(Required action): Beginning with the line that has "Adidas Grand Court" and ending with the line that has "Sofa sets available", retype the entries below exactly, except for the pictures.

──────── The data ────────

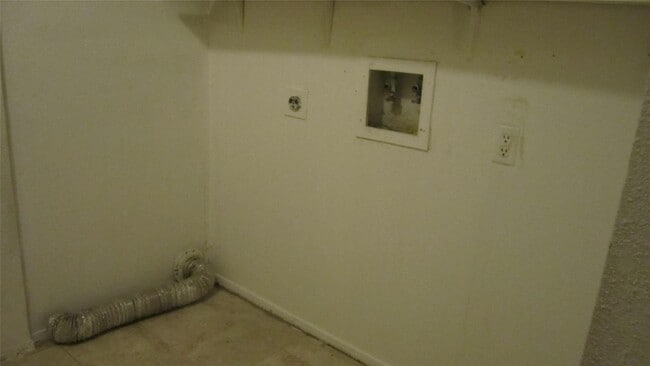 Building Photo - 12122 Kemerton Dr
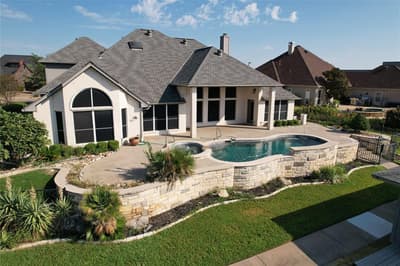 2612 Waters Edge Drive, Granbury TX 76048 - Photo 2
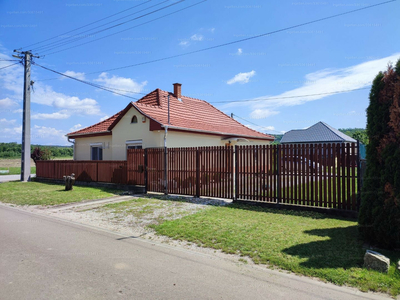 Eladó családi ház - Demjén, Dózsa György utca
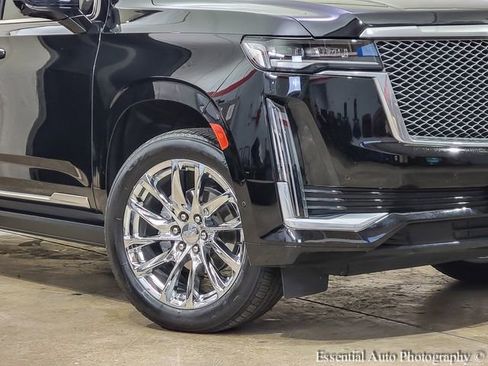 Used 2023 Cadillac Escalade Premium Luxury w/ LPO, Radiant Package AWD/4WD image 4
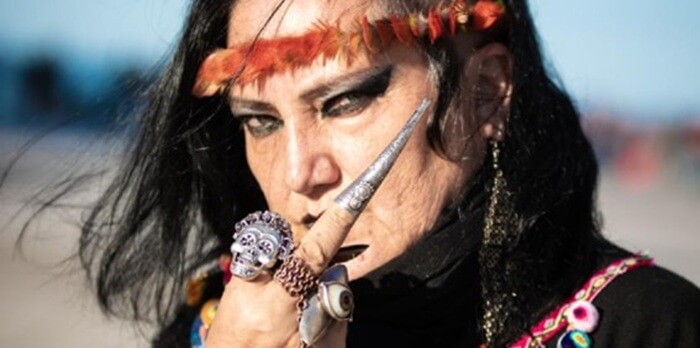 Maria Galindo, artista boliviana, debate violência de gênero na Unila no dia 21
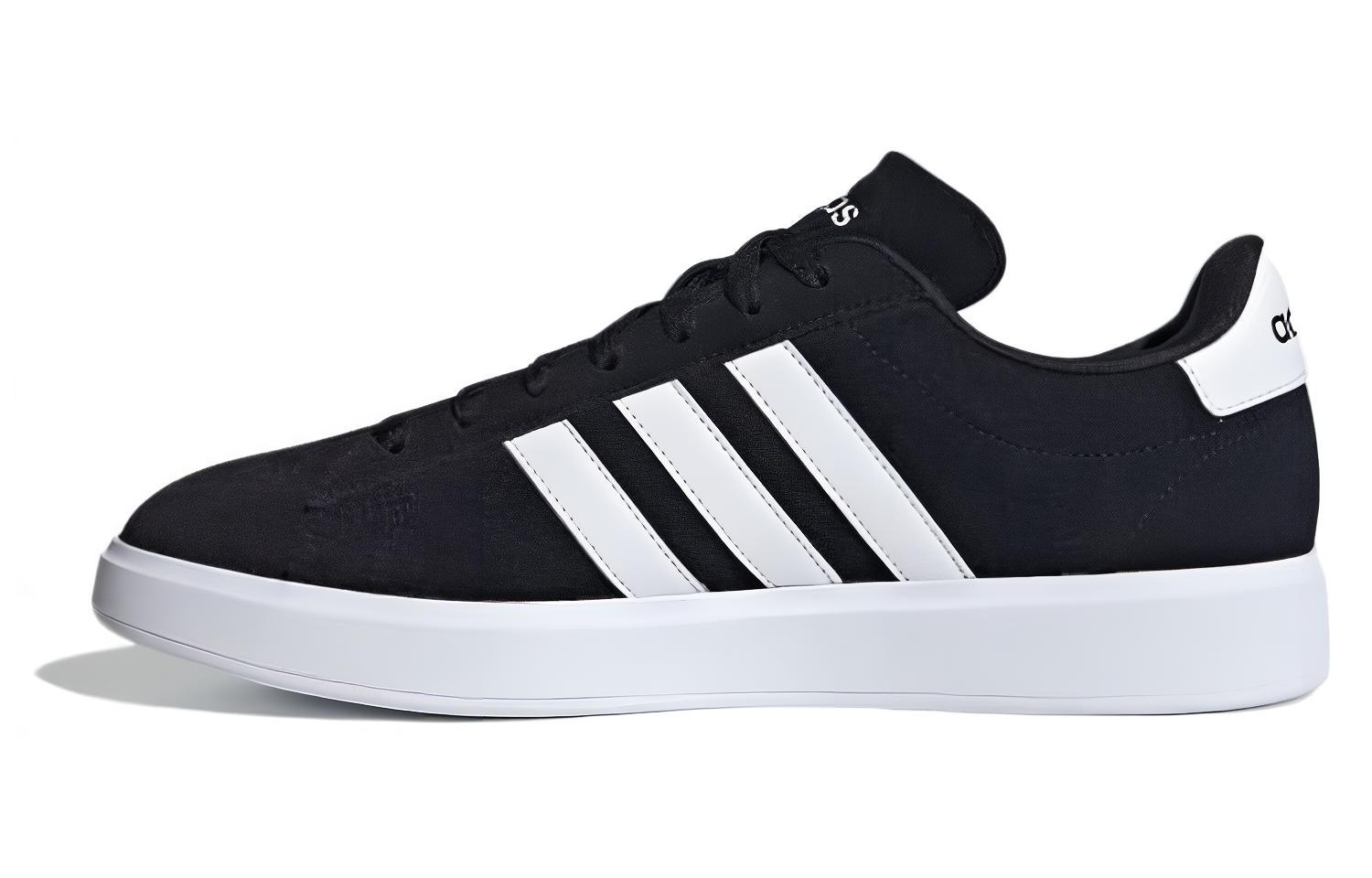 

Adidas Grand Court 2.0 Core Black Cloud White Adidas Neo, Черно-белая футболка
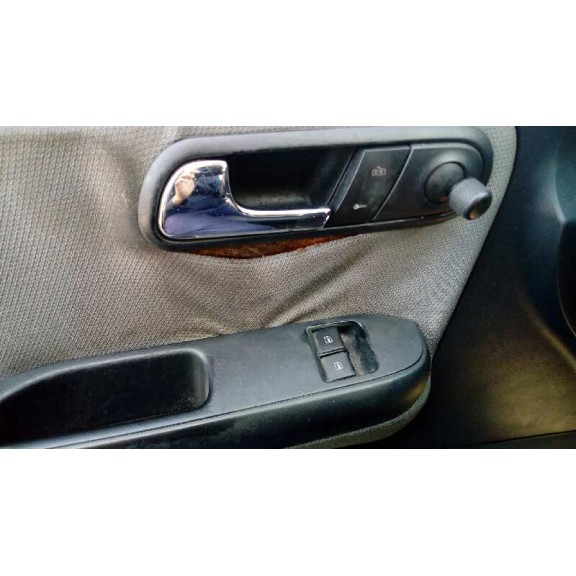 seat ibiza (6l1) del año 2003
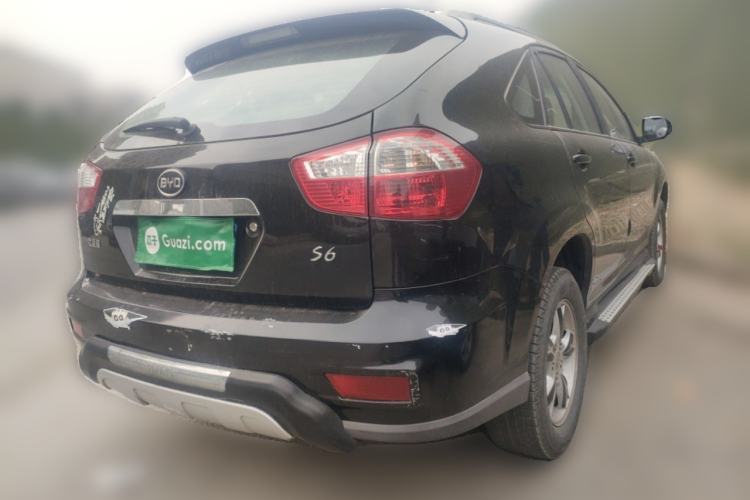 Used BYD S6 2014 2.0L Manual Luxury 5-Seater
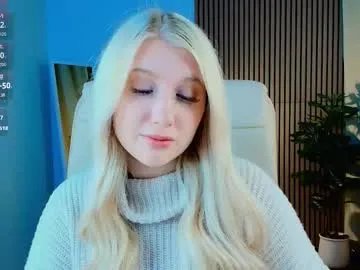 evacadooo from Chaturbate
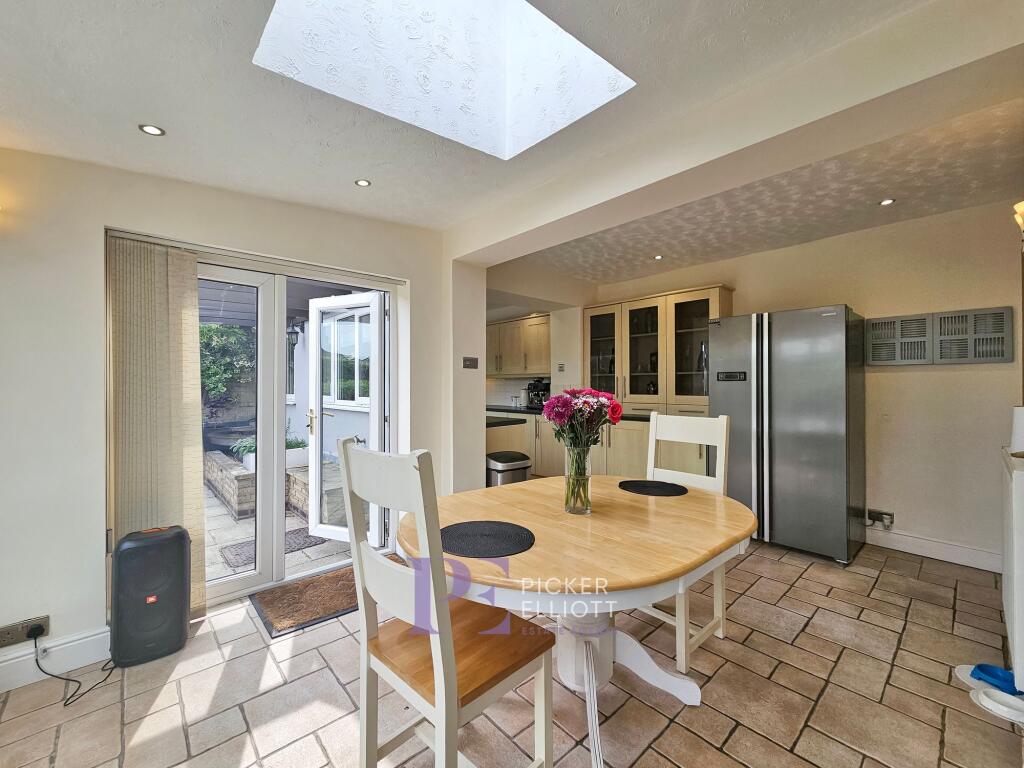 Living dining room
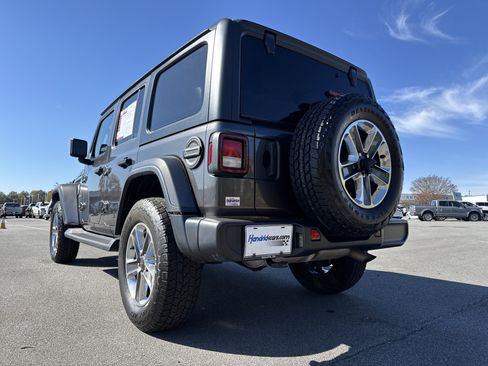 Used 2021 Jeep Wrangler Unlimited Sahara image 8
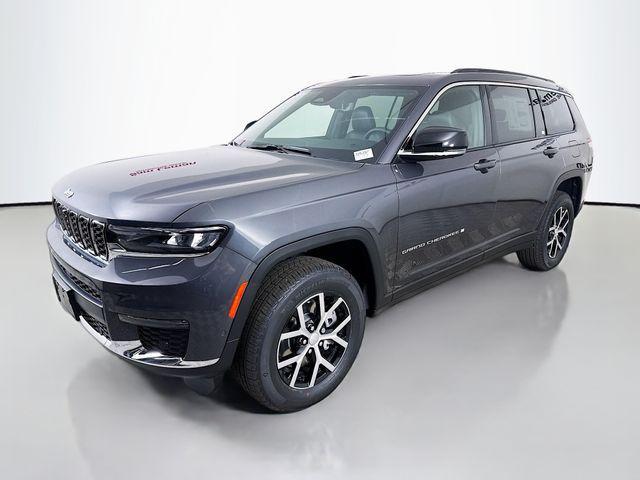 Photo of 2025 Baltic Gray Metallic Clearcoat Jeep Grand Cherokee L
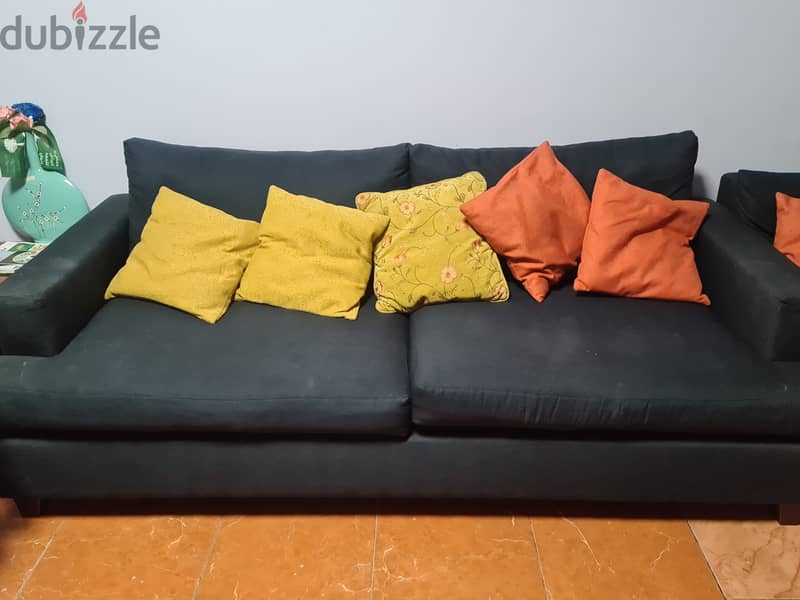 Sofa sets available for sale in good condition 3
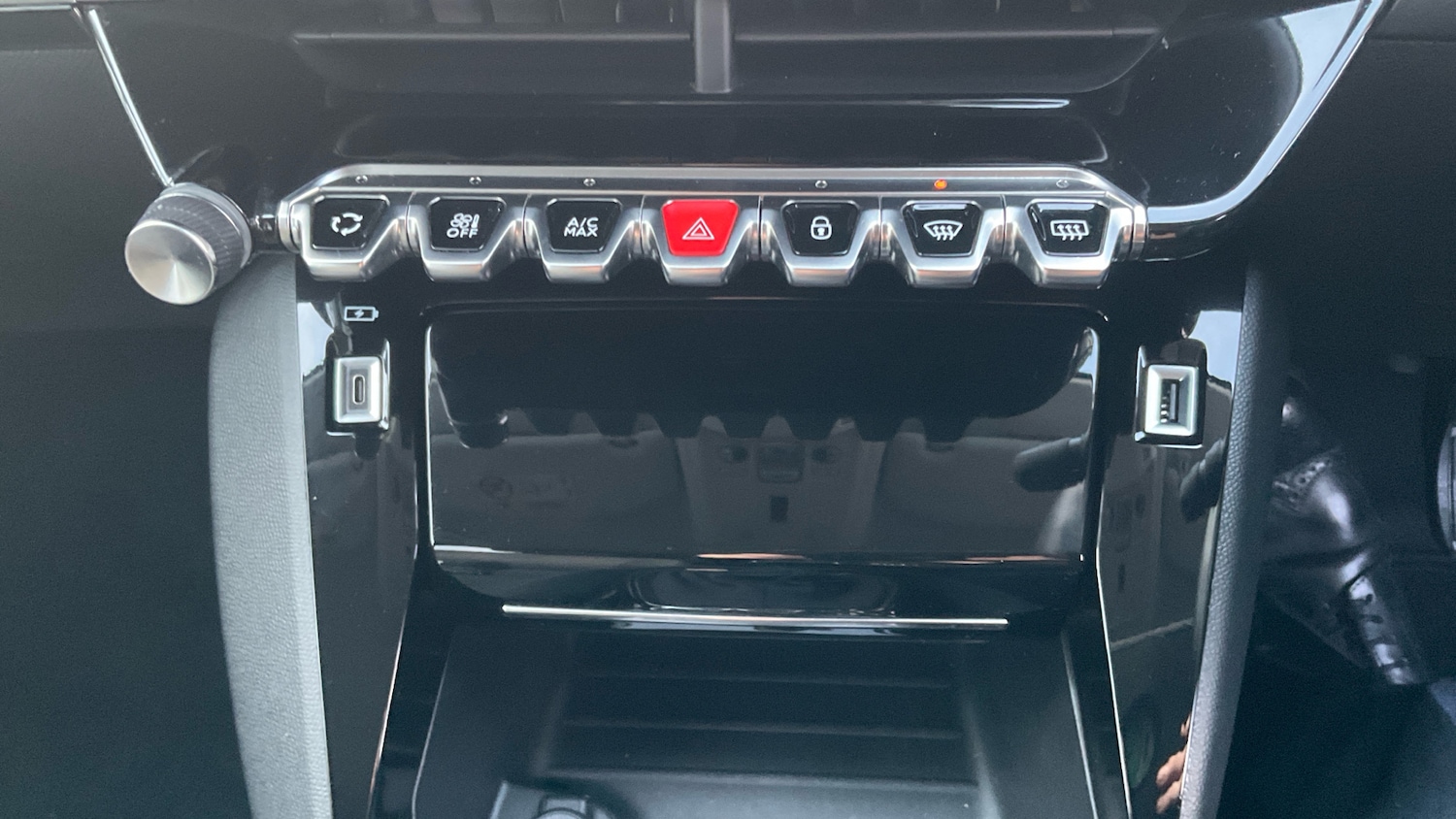 Used Peugeot 208 2023 for sale - 77432460: Photo 29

────────

(Your solution):
Adidas Grand Court 2.0 Core Black Cloud White Adidas Neo, Черно-белая футболка
 seat ibiza (6l1) del año 2003
 Used BYD S6 2014 2.0L Manual Luxury 5-Seater
 evacadooo from Chaturbate
 Living dining room
 Used 2021 Jeep Wrangler Unlimited Sahara image 8
 Photo of 2025 Baltic Gray Metallic Clearcoat Jeep Grand Cherokee L
 Sofa sets available for sale in good condition 3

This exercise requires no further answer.